Es lo que pasa cuando la corrupción y la rapiña de los gobernantes se suman a las desigualdades en el reparto de la riqueza y a la represión: al final, la olla estalla por donde puede.

Ocurrió primero en Bielorrusia y se repite ahora con mucha mayor virulencia aún en otra república ex soviética: Kazajistán.

Tanta que su Gobierno ha decidido recurrir a la Organización del Tratado de la Seguridad Colectiva (CSTO), de la que forman también parte Bielorrusia, Armenia, Kirguistán, Tayikistán y Rusia, que ya ha enviado allí tropas.

Esa organización, creada en 1992 un poco a imitación de la Alianza Atlántica, fue un intento del Kremlin de vincular a las repúblicas que se habían declarado independientes tras la disolución de la Unión Soviética.

No es la primera vez que uno de sus miembros solicita ayuda: lo hizo ya Kirguistán en el verano de 2010 después de que estallase la violencia entre grupos kirguises y uzbecos, que dejó más de dos mil muertos.

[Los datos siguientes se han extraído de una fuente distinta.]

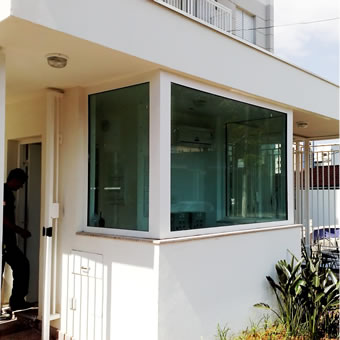 Caixilho de Segurança em Aço com Vidros Blindados para Guaritas | Foto 1
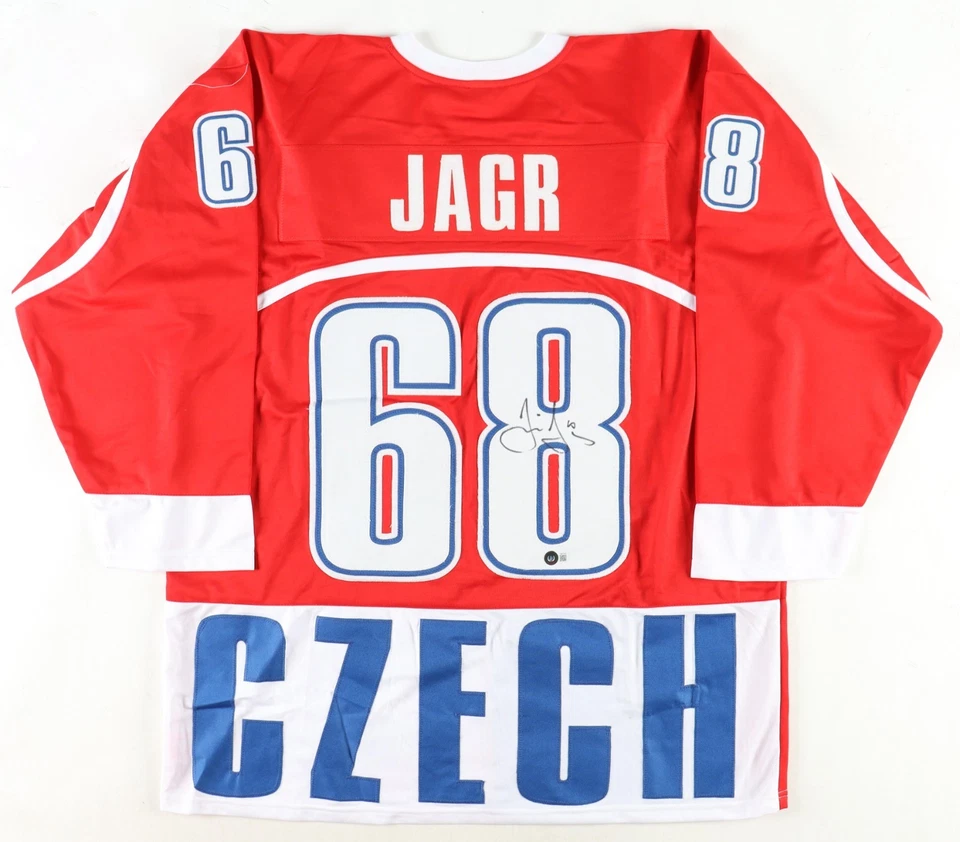 Camiseta firmada por Jaromir Jagr. Beckett Autenticado Foto 1 de 3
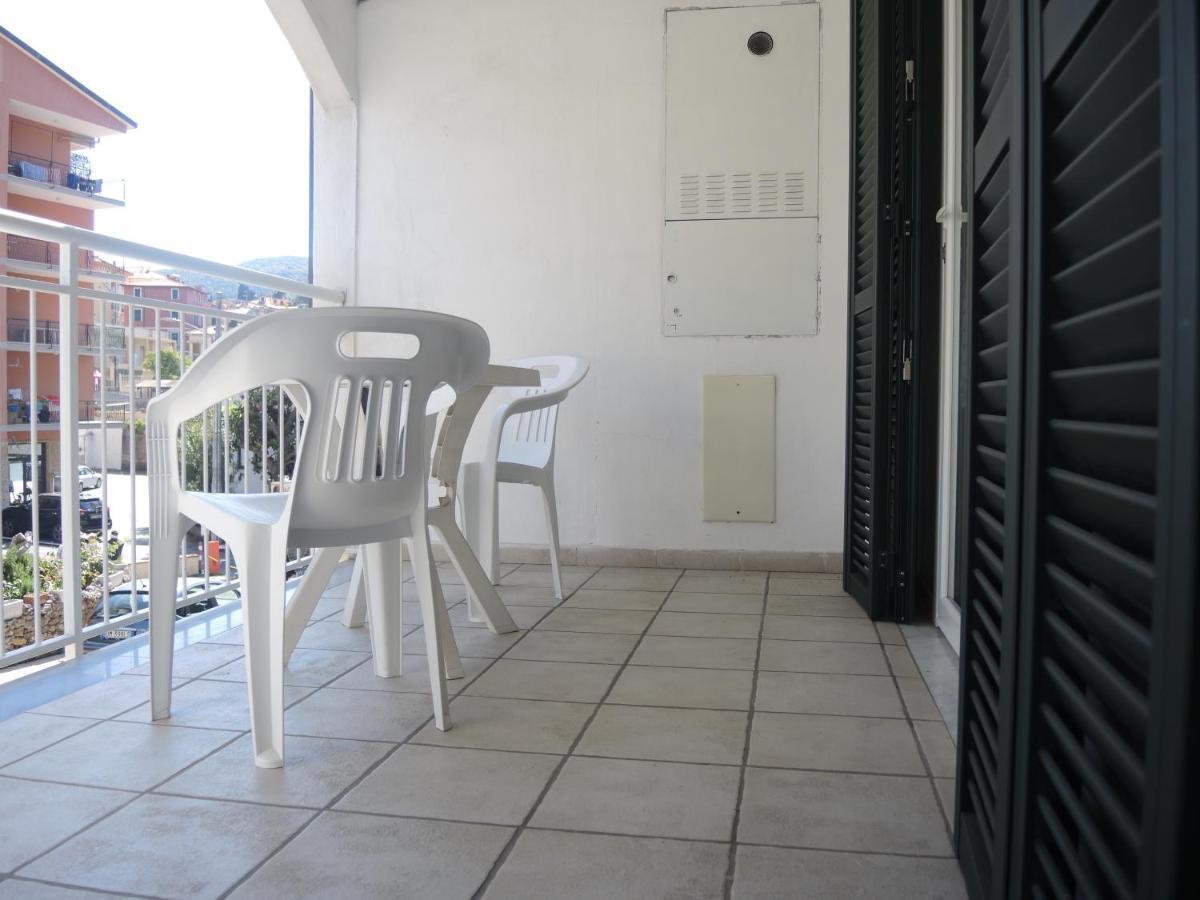 Gli Archi Nel Golfo Apartment San Terenzo Luaran gambar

El entonces presidente de Rusia, Dmitri Medvedev, consideró, sin embargo, que era más prudente no intervenir en aquel difícil y sangriento conflicto interétnico.

Algo parecido ocurrió cuando en 2021 el Gobierno armenio solicitó ayuda para la solución de un nuevo conflicto, esta vez de carácter fronterizo, con Azerbaiyán, otra república ex soviética, que no forma, sin embargo, parte de ese pacto de defensa mutua. Tampoco lo consiguió.

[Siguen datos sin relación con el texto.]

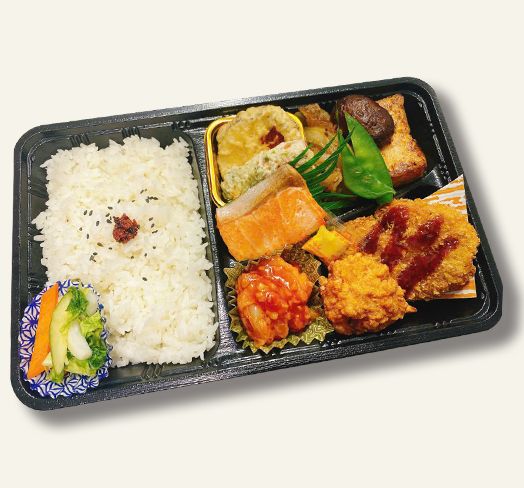  特別弁当（牛すき焼き、エビチリ、鮭塩焼き、鶏唐揚げ、天ぷら…） 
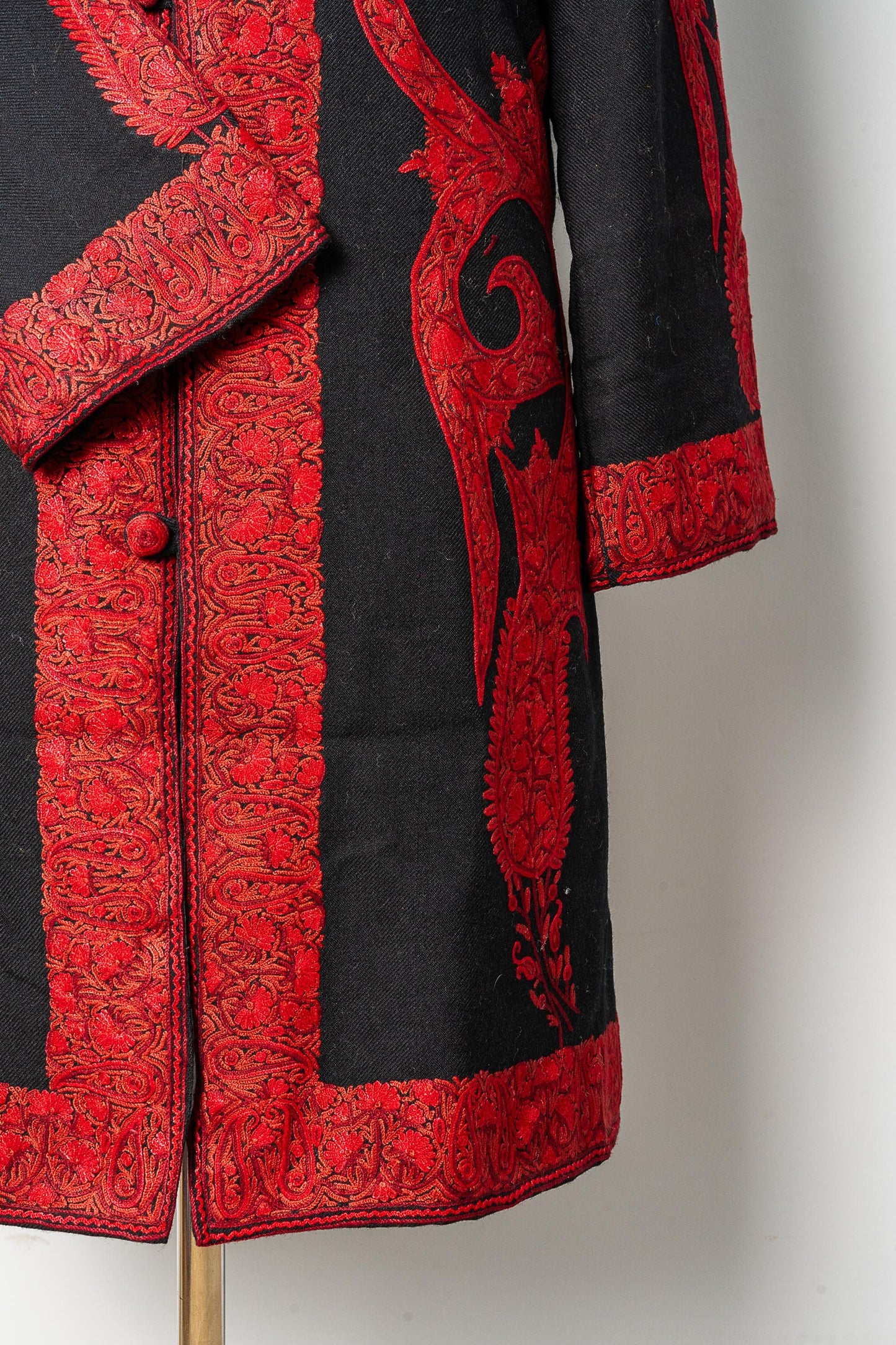 Alamdaar Elegance: Regal Aari Embroidery Hand-Embroidered Jacket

Y ahora precisamente le ha tocado a Nikol Pashinyan, primer ministro del país entonces desairado, Armenia, en su condición de presidente de turno de esa organización de defensa, suscribir el comunicado emanado del Kremlin en el que se habla de «amenaza a la seguridad y la soberanía afganas» y de «injerencias externas» en Kazajistán.

Por lo que el mundo ha podido ver televisión, la violencia de los manifestantes –el Gobierno habla sin más de «terroristas» y de injerencias extranjeras– ha sido enorme.

Se han incendiado edificios gubernamentales y se intentó tomar el control de estaciones de policía de Almaty, la ciudad más poblada del país y epicentro de las protestas.

En la represión de los desórdenes –las fuerzas tienen orden de disparar a matar– han muerto, según el ministerio del Interior 26 manifestantes, a los que se suman 18 agentes del orden. Hay además cerca de 4.500 detenidos.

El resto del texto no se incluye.